You are viewing a plain text version of this content. The canonical link for it is here.
Posted to user@mahout.apache.org by tanweiguo <ta...@huawei.com> on 2010/08/04 09:32:13 UTC

Error: Java heap space when running FPGrowth

I just followed the wiki to test FPGrowth:
https://cwiki.apache.org/MAHOUT/parallel-frequent-pattern-mining.html
 
1.unzip and put the accidents.dat.gz to HDFS accidents folder
2.run on a hadoop cluster(1 master and 3 slaves)

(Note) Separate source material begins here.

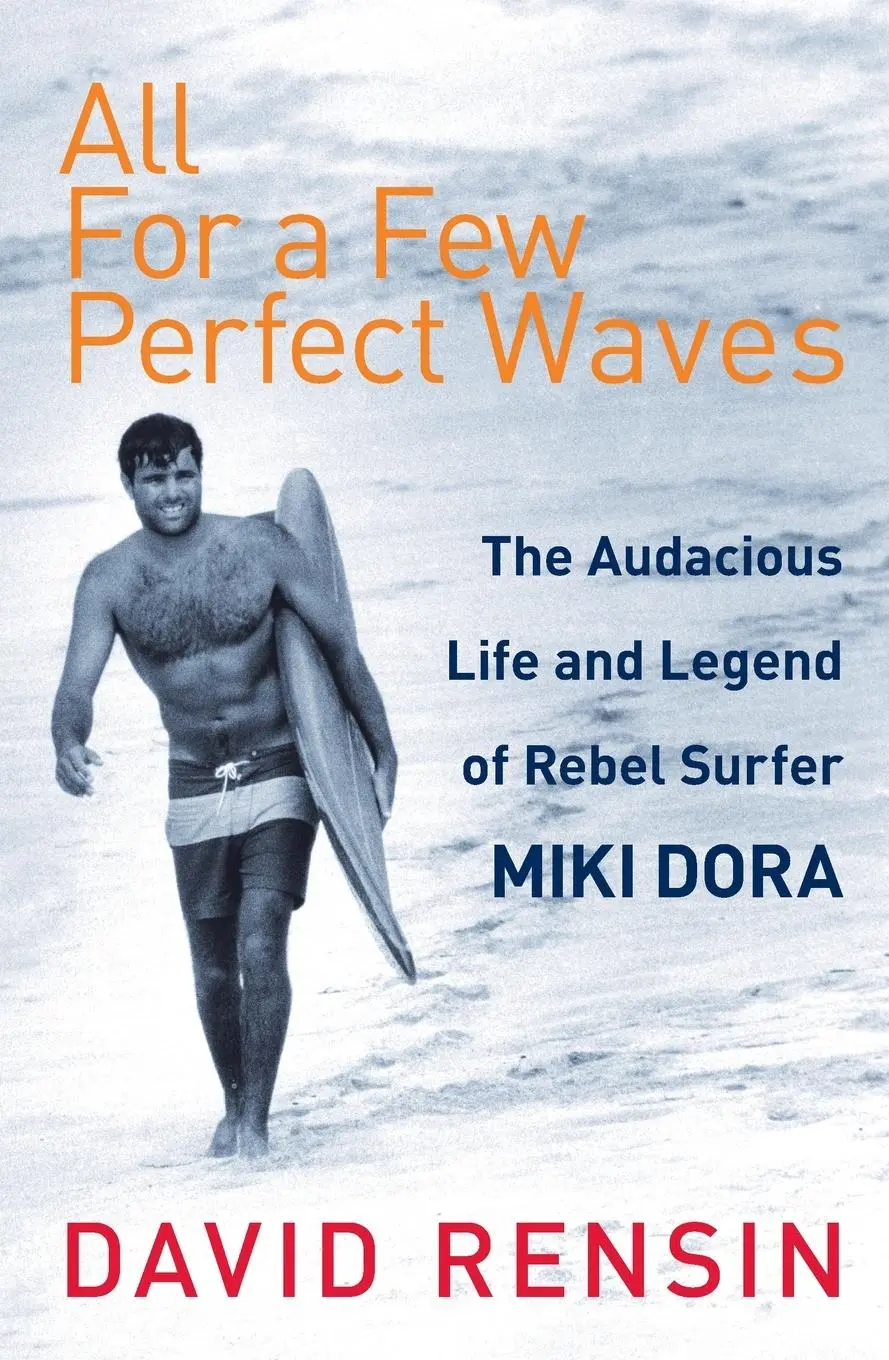 Cover: 9781787290037 | All For A Few Perfect Waves | David Rensin | Taschenbuch | Englisch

    hadoop jar mahout-examples-0.3.job
org.apache.mahout.fpm.pfpgrowth.FPGrowthDriver \
         -i accidents \
         -o patterns \
         -k 50 \
         -method mapreduce \
         -g 10 \
         -regex [\ ] \
         -s 2
 
The first two MapReduce(Parallel Counting Driver running over input:
accidents; PFP Transaction Sorting running over inputaccidents) succeed. 
However, the third MapReduce(PFP Growth Driver running over
inputpatterns/sortedoutput) always fail with this error message:
    
    10/08/04 15:23:45 INFO input.FileInputFormat: Total input paths to
process : 1
    10/08/04 15:23:46 INFO mapred.JobClient: Running job:
job_201007271506_0025
    10/08/04 15:23:47 INFO mapred.JobClient:  map 0% reduce 0%
    10/08/04 15:24:05 INFO mapred.JobClient:  map 13% reduce 0%
    10/08/04 15:24:08 INFO mapred.JobClient:  map 22% reduce 0%
    10/08/04 15:24:11 INFO mapred.JobClient:  map 24% reduce 0%
    10/08/04 15:24:29 INFO mapred.JobClient:  map 0% reduce 0%
    10/08/04 15:24:31 INFO mapred.JobClient: Task Id :
attempt_201007271506_0025_m_000000_0, Status : FAILED
    Error: java.lang.OutOfMemoryError: Java heap space
            at
org.apache.mahout.fpm.pfpgrowth.TransactionTree.resize(TransactionTree.java:
446)
            at
org.apache.mahout.fpm.pfpgrowth.TransactionTree.createNode(TransactionTree.j
ava:409)
            at
org.apache.mahout.fpm.pfpgrowth.TransactionTree.addPattern(TransactionTree.j
ava:202)
            at
org.apache.mahout.fpm.pfpgrowth.TransactionTree.getCompressedTree(Transactio
nTree.java:285)
            at
org.apache.mahout.fpm.pfpgrowth.ParallelFPGrowthCombiner.reduce(ParallelFPGr
owthCombiner.java:51)
            at
org.apache.mahout.fpm.pfpgrowth.ParallelFPGrowthCombiner.reduce(ParallelFPGr
owthCombiner.java:33)
            at org.apache.hadoop.mapreduce.Reducer.run(Reducer.java:174)
            at
org.apache.hadoop.mapred.Task$NewCombinerRunner.combine(Task.java:1214)
            at
org.apache.hadoop.mapred.MapTask$MapOutputBuffer.sortAndSpill(MapTask.java:1
227)
            at
org.apache.hadoop.mapred.MapTask$MapOutputBuffer.access$1800(MapTask.java:64
8)
            at
org.apache.hadoop.mapred.MapTask$MapOutputBuffer$SpillThread.run(MapTask.jav
a:1135)
    
The parameter mapred.child.java.opts is set to -Xmx512m in my cluster.
I also tried -g 5 and -g 20, both failed with the same error message.
 
Another question: I find there is only one mapper. How to adjust parameter
to have more mappers to improve speed?